• [WHAT YOU ARE ASKED TO DO]:
Show the lines below where "background" occurs.

• [TASK INPUT]:
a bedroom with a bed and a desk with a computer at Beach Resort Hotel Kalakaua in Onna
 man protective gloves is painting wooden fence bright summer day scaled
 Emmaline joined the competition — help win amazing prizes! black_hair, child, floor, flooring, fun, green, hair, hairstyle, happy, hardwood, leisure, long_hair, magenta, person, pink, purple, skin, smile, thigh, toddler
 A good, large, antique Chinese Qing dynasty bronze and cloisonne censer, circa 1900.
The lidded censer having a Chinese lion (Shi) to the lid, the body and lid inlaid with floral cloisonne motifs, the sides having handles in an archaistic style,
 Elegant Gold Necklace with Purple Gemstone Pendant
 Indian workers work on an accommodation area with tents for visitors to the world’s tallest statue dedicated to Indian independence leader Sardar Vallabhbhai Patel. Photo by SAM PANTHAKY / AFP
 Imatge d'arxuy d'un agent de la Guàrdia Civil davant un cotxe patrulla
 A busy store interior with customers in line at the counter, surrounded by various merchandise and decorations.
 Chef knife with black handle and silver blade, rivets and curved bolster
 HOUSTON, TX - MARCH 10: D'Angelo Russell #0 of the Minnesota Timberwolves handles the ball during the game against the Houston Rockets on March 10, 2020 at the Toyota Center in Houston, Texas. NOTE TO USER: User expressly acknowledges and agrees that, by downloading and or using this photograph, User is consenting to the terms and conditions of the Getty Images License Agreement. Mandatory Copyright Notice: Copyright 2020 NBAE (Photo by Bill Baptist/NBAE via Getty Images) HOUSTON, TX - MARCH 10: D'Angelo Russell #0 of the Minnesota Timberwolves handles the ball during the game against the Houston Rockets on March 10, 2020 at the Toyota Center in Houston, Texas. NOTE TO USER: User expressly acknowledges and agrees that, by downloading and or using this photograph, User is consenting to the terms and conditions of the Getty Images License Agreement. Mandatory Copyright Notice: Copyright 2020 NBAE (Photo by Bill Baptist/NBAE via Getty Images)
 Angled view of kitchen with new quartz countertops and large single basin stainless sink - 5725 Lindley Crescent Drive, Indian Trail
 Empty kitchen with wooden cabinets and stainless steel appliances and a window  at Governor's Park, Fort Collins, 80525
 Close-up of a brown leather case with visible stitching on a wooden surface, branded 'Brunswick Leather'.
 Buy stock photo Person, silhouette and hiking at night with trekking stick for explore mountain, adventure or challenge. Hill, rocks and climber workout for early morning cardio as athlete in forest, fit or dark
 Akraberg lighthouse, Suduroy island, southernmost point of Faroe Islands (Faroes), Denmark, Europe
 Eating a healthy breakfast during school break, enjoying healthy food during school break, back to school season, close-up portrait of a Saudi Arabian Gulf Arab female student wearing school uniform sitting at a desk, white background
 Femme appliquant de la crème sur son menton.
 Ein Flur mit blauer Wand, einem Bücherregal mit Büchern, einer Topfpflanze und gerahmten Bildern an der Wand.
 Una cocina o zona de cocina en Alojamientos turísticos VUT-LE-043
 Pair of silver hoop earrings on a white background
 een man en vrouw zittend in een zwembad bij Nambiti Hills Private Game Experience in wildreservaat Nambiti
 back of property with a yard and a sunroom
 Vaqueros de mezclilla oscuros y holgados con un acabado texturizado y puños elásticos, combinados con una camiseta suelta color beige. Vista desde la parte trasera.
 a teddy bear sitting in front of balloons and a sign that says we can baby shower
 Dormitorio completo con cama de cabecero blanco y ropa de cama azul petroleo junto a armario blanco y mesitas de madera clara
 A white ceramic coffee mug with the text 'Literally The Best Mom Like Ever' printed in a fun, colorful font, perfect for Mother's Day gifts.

• [RESPONSE]:
 Eating a healthy breakfast during school break, enjoying healthy food during school break, back to school season, close-up portrait of a Saudi Arabian Gulf Arab female student wearing school uniform sitting at a desk, white background
 Pair of silver hoop earrings on a white background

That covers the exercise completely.